There’s more to the Miss Israel selfie than meets the eye

The image belongs to a set of specific, politically-inflicted truths rooted in our understanding of national identity and cultural discourse.

Miss Colombia crowned Miss Universe (photo credit: REUTERS)
Miss Colombia crowned Miss Universe
(photo credit: REUTERS)
The reigning Miss Lebanon, Sally Greige, was forced to defend herself last month after she appeared in a selfie with Miss Israel, Doron Matalon. The photo, posted to Instagram in the days leading up to the January 25 Miss Universe pageant, led some Lebanese on social media to demand Greige be stripped of her title for contact with the “enemy state.”
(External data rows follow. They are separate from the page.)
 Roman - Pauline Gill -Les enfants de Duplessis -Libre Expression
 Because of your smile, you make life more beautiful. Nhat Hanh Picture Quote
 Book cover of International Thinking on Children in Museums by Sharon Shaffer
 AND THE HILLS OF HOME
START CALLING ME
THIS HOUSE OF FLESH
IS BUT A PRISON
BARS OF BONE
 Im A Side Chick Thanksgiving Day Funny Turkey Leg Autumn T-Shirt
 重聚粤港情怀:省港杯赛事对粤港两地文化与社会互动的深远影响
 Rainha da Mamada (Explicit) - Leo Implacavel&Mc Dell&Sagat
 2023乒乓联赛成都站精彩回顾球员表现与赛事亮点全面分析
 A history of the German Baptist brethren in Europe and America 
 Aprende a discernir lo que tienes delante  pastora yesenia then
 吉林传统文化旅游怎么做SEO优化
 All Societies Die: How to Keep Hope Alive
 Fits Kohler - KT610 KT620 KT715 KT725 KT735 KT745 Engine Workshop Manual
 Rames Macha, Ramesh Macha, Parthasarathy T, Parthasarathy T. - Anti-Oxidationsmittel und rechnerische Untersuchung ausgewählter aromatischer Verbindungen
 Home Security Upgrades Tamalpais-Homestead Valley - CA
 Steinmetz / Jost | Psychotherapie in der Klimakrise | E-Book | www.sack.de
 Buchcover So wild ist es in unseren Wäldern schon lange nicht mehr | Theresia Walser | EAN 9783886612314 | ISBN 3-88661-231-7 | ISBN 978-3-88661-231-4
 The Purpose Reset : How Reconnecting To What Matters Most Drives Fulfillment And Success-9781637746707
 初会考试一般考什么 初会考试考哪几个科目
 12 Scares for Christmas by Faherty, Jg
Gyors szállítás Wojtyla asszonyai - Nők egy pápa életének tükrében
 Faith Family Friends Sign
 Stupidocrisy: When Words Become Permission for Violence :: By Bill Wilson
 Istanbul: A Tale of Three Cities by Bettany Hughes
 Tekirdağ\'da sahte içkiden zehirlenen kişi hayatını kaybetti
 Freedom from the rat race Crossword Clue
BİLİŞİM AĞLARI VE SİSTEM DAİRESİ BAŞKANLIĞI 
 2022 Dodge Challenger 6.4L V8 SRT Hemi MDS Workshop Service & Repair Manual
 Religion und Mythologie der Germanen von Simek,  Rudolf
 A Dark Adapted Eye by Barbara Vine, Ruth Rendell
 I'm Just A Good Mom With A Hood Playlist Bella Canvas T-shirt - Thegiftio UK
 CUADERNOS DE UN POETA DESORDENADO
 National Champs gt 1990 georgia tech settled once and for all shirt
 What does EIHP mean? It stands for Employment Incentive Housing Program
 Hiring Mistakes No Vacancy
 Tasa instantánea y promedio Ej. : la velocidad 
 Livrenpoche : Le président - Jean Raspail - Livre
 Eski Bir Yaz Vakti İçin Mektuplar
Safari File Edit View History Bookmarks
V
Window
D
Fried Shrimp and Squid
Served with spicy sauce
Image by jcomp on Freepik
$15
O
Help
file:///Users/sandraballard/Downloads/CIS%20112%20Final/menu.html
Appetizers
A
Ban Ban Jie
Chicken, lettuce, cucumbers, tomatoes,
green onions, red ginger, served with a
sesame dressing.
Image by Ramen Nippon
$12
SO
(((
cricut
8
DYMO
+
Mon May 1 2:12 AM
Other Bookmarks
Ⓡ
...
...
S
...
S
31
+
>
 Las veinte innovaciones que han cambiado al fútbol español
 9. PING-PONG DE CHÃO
“From the first day I arrived at the Miss Universe pageant I was very careful not to take any pictures with Miss Israel, who tried repeatedly to take pictures with me,” Greige wrote in a message on Facebook. “While I was preparing with Miss Slovenia and Miss Japan to get our photograph taken, Miss Israel jumped in and took a selfie with her phone and posted it on social media.”
Many Western media outlets chastised Miss Greige for her response and framed her apology as combative for attempting to distance herself from Matalon. “So much for world peace,” wrote The Wall Street Journal.
The gossip-news website Gawker claimed Greige threw her fellow contestant “under the bus.” And in an opinion piece in USA Today titled, “Miss Universe makeup can’t hide hatred of Israel,” Eliyahu Federman went so far as to claim the incident was not “a kind of petty quarrel or political issue between the contestants,” but “about one-sided hatred against Israel and nothing more.”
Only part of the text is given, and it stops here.